You see, trout season opened on April 1 back East where I grew up. My father’s birthday fell in the same week, so we often went fishing together on his birthday. And we always had to dig a mess of worms before we went — usually behind Uncle George’s cow barn. Hence, the two events became indelibly linked in my subconscious.
Opening day of trout season was a big deal back there, and my dad was the best trout fisherman I ever knew. A child of the Depression, he lived with his Aunt Minnie in a two-room cabin at the northern extremity of the Shawangunk Ridge in New York’s southern Catskills. He grew up hunting and fishing as a matter of necessity rather than for any sense of sport. At 9 years old, he was hunting squirrels, rabbits and grouse with a sling shot and catching trout in the brooks and creeks to help put food on the table. He was good with his slingshot, but became a real whiz at catching trout.
His favorite bait was earthworms. Apparently, there are several thousand kinds, grouped into three main categories — Epogeic, Endogeic and Anecic — determined by how deeply they live in the soil, what they feed on, and so forth. Depending on species, adult earthworms can range in size from a mere third of an inch up to 9 feet long.
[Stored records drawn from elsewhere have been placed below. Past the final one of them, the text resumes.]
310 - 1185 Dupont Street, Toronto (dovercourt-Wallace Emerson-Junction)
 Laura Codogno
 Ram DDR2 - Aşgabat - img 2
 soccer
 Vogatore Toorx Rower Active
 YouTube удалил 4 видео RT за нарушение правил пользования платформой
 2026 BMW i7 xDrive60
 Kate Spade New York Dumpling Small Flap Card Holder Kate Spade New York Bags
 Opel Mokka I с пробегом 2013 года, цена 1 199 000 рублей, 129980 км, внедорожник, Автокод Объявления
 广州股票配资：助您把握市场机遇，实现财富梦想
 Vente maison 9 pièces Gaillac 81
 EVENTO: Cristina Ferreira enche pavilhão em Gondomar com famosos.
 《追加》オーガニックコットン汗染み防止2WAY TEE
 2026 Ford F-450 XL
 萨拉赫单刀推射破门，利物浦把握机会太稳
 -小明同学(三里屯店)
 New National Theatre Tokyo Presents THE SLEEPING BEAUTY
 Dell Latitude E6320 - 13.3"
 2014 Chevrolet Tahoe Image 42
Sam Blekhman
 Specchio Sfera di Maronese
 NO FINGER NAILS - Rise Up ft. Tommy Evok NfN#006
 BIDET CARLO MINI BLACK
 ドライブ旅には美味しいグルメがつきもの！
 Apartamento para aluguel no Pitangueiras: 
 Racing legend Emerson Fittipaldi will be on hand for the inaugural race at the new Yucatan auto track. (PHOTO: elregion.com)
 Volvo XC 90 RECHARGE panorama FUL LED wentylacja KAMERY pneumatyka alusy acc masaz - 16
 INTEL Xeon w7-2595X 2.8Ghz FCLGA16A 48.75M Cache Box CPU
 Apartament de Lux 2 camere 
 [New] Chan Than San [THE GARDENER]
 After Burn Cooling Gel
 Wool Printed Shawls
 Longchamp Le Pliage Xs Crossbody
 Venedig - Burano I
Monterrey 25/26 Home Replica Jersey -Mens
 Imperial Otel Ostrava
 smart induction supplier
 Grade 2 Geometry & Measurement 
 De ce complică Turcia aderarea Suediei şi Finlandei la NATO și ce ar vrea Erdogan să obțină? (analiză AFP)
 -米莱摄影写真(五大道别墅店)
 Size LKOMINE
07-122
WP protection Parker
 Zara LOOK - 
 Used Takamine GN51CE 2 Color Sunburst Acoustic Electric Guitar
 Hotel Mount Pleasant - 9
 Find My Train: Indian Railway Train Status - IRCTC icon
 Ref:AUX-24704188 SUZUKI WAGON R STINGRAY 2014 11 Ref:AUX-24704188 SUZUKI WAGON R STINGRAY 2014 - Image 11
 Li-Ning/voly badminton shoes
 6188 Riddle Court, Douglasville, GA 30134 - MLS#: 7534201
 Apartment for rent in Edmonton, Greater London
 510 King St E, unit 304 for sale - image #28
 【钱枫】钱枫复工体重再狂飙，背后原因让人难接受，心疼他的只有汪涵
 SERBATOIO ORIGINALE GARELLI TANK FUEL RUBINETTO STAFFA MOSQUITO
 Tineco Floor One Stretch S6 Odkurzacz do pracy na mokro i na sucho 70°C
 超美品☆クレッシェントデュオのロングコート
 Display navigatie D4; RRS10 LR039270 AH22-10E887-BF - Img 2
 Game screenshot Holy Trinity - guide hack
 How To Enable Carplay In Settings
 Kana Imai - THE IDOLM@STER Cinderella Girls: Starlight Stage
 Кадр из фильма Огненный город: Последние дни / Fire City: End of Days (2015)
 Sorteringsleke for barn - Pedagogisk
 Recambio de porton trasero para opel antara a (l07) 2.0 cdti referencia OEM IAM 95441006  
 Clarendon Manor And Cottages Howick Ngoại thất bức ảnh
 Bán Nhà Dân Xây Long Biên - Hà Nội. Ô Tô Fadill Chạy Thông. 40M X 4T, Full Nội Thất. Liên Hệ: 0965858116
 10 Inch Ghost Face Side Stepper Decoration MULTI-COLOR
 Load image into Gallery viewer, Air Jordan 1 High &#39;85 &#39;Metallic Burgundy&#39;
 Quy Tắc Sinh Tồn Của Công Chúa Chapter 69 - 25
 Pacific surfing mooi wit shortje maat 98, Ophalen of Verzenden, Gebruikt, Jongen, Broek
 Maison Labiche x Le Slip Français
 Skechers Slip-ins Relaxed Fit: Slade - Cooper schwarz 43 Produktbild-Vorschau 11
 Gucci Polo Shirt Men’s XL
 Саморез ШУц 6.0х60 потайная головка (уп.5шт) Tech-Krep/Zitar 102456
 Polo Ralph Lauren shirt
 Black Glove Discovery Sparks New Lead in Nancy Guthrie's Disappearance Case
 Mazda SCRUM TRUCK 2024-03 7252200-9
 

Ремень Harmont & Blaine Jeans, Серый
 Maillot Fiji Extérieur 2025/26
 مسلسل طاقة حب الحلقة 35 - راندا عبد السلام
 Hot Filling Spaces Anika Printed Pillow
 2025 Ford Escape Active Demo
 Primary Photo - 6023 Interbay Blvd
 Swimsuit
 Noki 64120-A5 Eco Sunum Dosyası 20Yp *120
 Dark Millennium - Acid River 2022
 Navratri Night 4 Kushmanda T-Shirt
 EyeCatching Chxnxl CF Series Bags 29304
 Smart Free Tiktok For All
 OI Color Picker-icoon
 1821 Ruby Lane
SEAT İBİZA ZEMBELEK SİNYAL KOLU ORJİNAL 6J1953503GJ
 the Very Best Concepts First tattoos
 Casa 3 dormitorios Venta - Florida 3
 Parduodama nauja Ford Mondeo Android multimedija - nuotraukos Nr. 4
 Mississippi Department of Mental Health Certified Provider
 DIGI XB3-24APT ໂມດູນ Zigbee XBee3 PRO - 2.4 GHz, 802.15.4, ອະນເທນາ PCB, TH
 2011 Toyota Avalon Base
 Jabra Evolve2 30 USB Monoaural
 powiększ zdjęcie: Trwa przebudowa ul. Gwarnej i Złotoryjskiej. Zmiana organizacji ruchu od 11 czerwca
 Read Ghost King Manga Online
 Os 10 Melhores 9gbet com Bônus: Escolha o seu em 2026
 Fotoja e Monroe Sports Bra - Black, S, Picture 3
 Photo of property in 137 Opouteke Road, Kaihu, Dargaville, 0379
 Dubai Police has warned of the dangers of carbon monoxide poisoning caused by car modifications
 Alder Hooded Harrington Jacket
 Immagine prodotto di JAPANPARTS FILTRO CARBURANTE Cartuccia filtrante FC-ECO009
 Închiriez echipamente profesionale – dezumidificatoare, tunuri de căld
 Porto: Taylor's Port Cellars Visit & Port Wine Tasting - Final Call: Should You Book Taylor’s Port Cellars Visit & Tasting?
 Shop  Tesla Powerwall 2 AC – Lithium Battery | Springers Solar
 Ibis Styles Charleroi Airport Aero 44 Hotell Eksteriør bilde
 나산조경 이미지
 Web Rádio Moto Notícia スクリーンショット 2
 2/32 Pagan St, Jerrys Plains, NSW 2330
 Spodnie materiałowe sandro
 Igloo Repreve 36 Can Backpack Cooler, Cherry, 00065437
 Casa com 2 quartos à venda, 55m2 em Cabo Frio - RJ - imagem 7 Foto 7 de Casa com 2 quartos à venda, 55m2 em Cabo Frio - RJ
Most of us are familiar with nightcrawlers (also known as dew worms) and the common earthworms that we dig up in the top layers of our flower beds and veggie gardens. There are also compost worms (fishermen call them red wigglers) that feed on decaying leaves under forest duff in the woods, and even some that live under rocks in the trout streams called aquatic annelids.
My father neither knew nor gave a hoot about any of this, of course; he just knew he liked fishing garden worms for trout. That’s what he called them: “garden worms.” He thought nightcrawlers were good for bass and catfish but much too big for brook trout. Red wigglers were good for trout, too, but found almost exclusively in wet garden compost (yuk), and generally too small to put on the size 10 hook preferred for trout. Garden worms could be dug most anywhere and, more importantly, were just the right size.
It’s one of those innocuous little things you learn as a kid that seems to stick with you forever. Somehow it becomes a life lesson you find yourself passing on to your kids and grandkids as if it were a carved-in-stone requirement before taking them fishing. I’m reminded of that every April.